Every line below from the one with "Z69 Ultrawhoop 4,0" through the one with "Trappe à carburant" is to be repeated exactly, with no picture among them.

Start of LISTED RECORDS

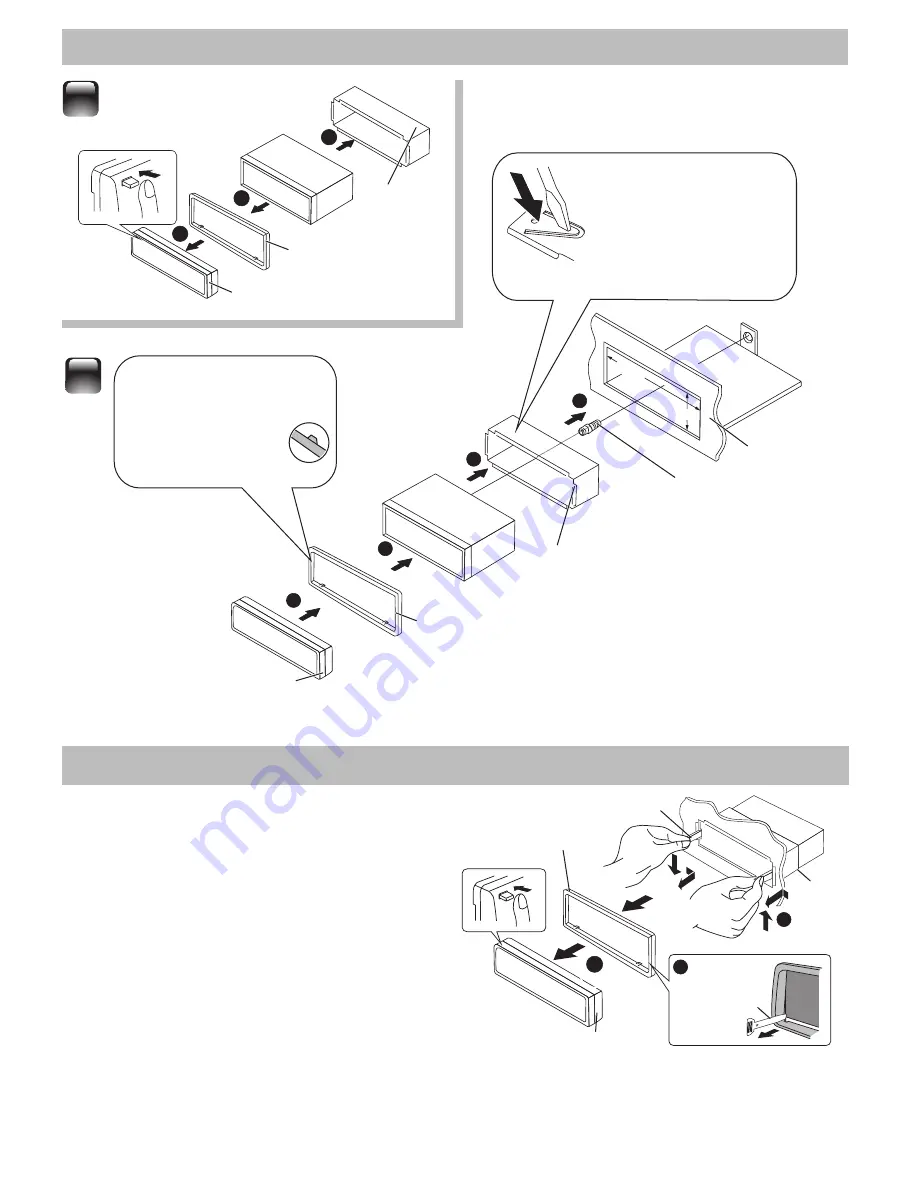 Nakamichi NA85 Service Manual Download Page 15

End of LISTED RECORDS
Start of LISTED RECORDS

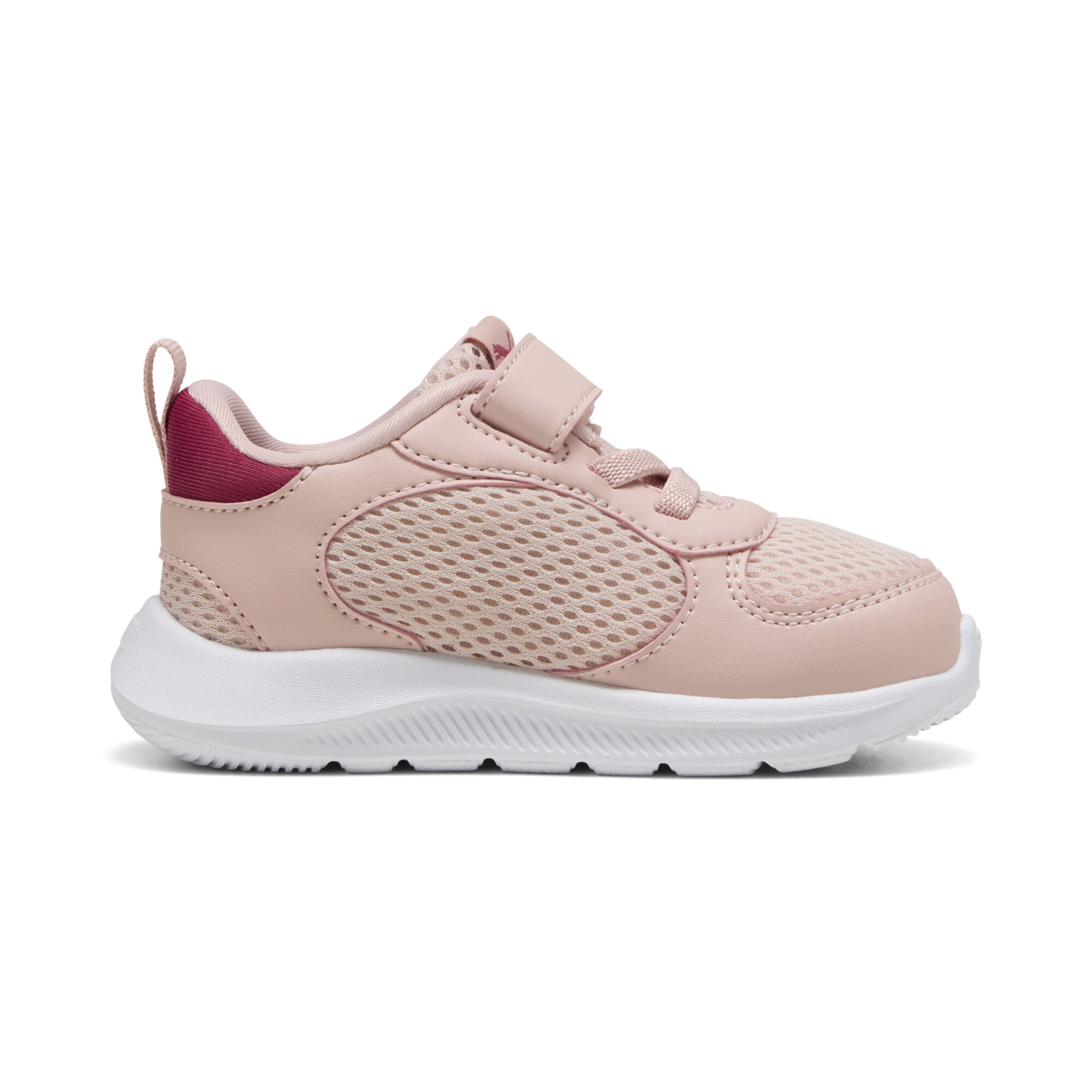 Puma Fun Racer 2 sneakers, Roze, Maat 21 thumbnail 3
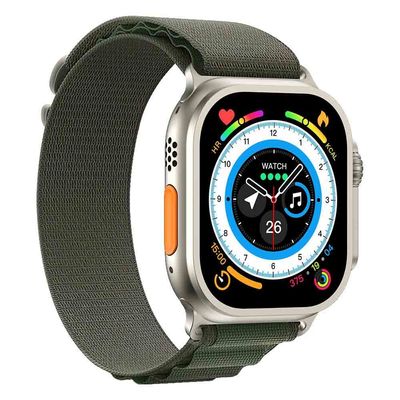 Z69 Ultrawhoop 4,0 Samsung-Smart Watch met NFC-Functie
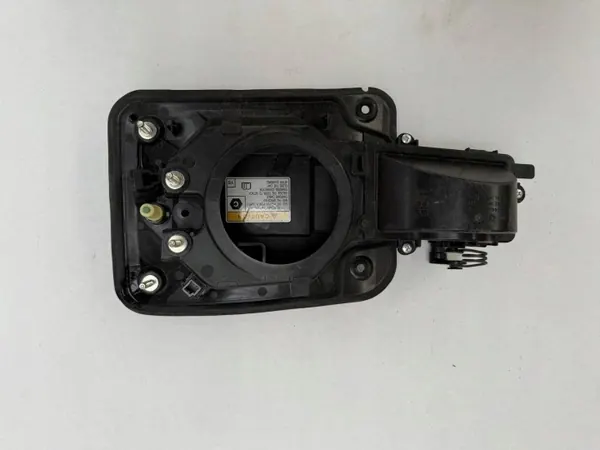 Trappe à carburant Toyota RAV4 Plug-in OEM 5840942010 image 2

End of LISTED RECORDS

▸ **WRITTEN SOLUTION**:
 Z69 Ultrawhoop 4,0 Samsung-Smart Watch met NFC-Functie
 Trappe à carburant Toyota RAV4 Plug-in OEM 5840942010 image 2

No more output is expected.